Ames-2021 CO2 Dipole Moment Surface and IR Line Lists: Toward 0.1% Uncertainty for CO2 IR Intensities

Xinchuan Huang; David W Schwenke; Richard S Freedman; Timothy J Lee

doi:10.1021/acs.jpca.2c01291

Ames-2021 CO₂ Dipole Moment Surface and IR Line Lists: Toward 0.1% Uncertainty for CO₂ IR Intensities

J Phys Chem A. 2022 Sep 8;126(35):5940-5964. doi: 10.1021/acs.jpca.2c01291. Epub 2022 Aug 25.

Authors

Xinchuan Huang^{1

2}, David W Schwenke³, Richard S Freedman^{2

4}, Timothy J Lee⁴

Affiliations

¹ MS 245-6, Astrophysics Branch, Space Science and Astrobiology Division, NASA Ames Research Center, Moffett Field, California 94035, United States.
² SETI Institute, 339 Bernardo Avenue, Suite 200, Mountain View, California 94043, United States.
³ MS 258-2, NAS Facility, NASA Ames Research Center, Moffett Field, California 94035, United States.
⁴ MS 245-3, Planetary Systems Branch, Space Science and Astrobiology Division, NASA Ames Research Center, Moffett Field, California 94035, United States.

PMID: 36007245
DOI: 10.1021/acs.jpca.2c01291

Abstract

A highly accurate CO₂ ab initio dipole moment surface (DMS), Ames-2021, is reported along with ¹²C¹⁶O₂ infrared (IR) intensity comparisons approaching a 1-4‰ level of agreement and uncertainty. The Ames-2021 DMS was accurately fitted from CCSD(T) finite-field dipoles computed with the aug-cc-pVXZ (X = T, Q, 5) basis for C atom and the d-aug-cc-pVXZ (X = T, Q, 5) basis for O atoms, and extrapolated to the one particle basis set limit.

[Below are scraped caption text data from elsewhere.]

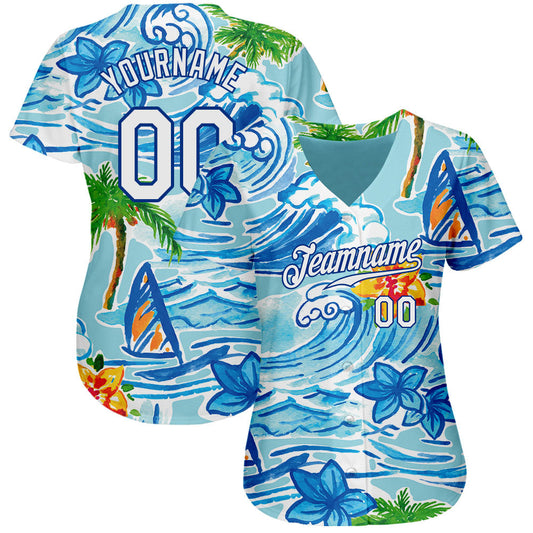 Custom White Royal 3D Pattern Design Beach Hawaii Palm Trees And Flowers Authentic Baseball Jersey - Sky-Custom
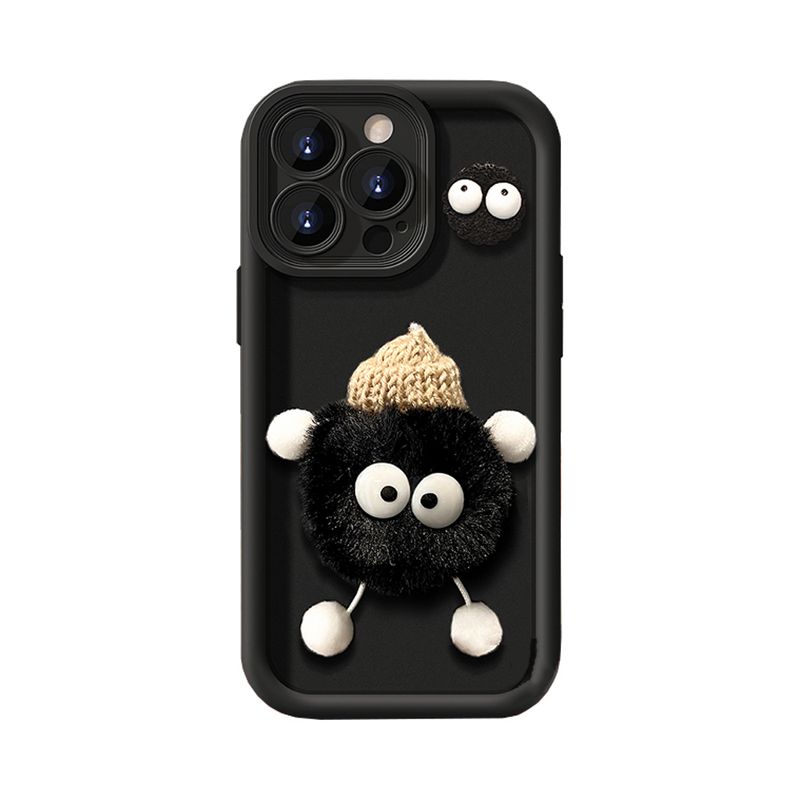 Šiltas žieminis mielas 3D juokingas pliušinis silikoninis minkštas dėklas iPhone 15 14 Pro Max 13 12 11 X XR XS 7 Plus dėklas_voghion.com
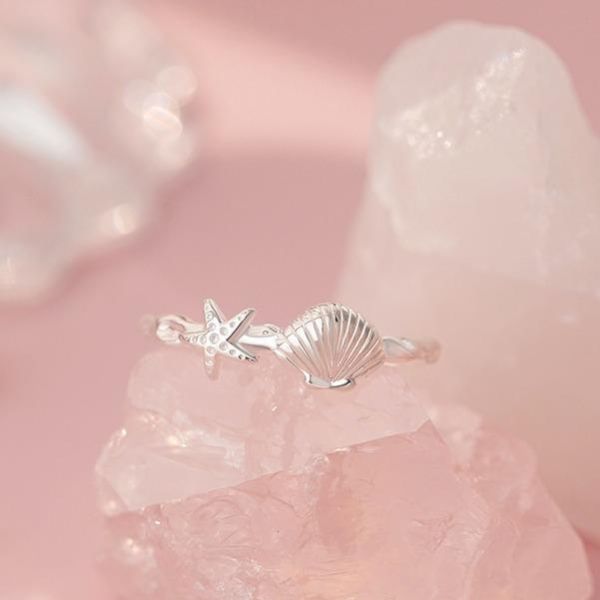 999足銀 海星貝殼鏤刻戒指 
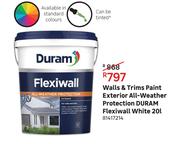 Duram Flexiwall (White) All Weather Protection Walls & Trims Paint Exterior-20L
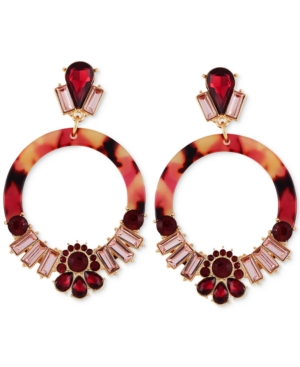 image of Guess Gold-Tone Crystal & Burgundy Stone Tortoise-Look Circle Drop Earrings
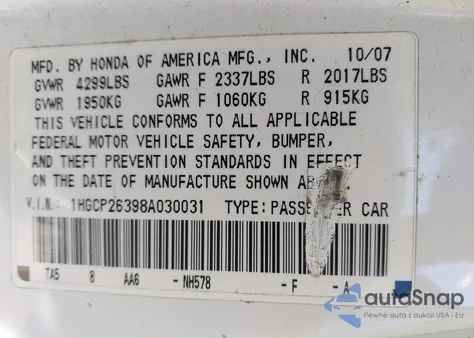 2008 Honda Accord 2.4 Lx from USA, damaged, VIN 1HGCP26398A030031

Fitting σ_rms is 3.8 × 10^-7 au for 4443 geometries below 15 000 cm^-1. The corresponding IR intensity, S_Ames-2021, are computed using the Ames-2 potential energy surface (PES), which is the best PES available for CO₂. Compared to high accuracy IR studies for 2001i-00001 and 3001i-00001 bands, S_Ames-2021 matches NIST experiment-based intensities [S_NIST-HIT16 or S_HIT20] to -1.0 ± 1.3‰, or matches DLR experiment-based intensities [S_{DLR-HIT16/UCL/Ames}] to 1.9 ± 3.7‰. This indicates the systematic deviations and uncertainties have been significantly reduced in S_Ames-2021. The S_UCL2015 (or S_HITRAN2016) have larger deviations (vs S_DLR) and uncertainties (vs S_DLR, S_NIST) which are attributed to the less accurate Ames-1 PES adopted in UCL-296 line list calculation. The S_Ames-2021 intensity of ¹²C¹⁶O₂ and ¹³C¹⁶O₂ is utilized to derive new absolute ¹³C/¹²C ratios for Vienna PeeDee Belemnite (VPDB) with uncertainty reduced by ¹/₃ or ²/₃. Further evaluation of S_Ames-2021 intensities are carried out on those CO₂ bands discussed in the HITRAN2020 update paper. Consistent improvements and better accuracies are found in band-by-band analysis, except for those bands strongly affected by Coriolis couplings, or very weak bands measured with relatively larger experimental uncertainties. The Ames-2021 296 K IR line lists are generated for 13 CO₂ isotopologues, with 18 000 cm^-1 and S_{296 K} > 1 × 10^-31 cm/molecule cutoff and then combined with CDSD line positions (except ¹⁴C¹⁶O₂). The Ames-2021 DMS and 296 K IR line lists represent a major improvement over previous CO₂ theoretical IR intensity studies, including Ames-2016, UCL-296, and recent UCL DMS 2021 update. A real 1 permille level of agreement and uncertainty will definitely require both more accurate PES and more accurate DMS.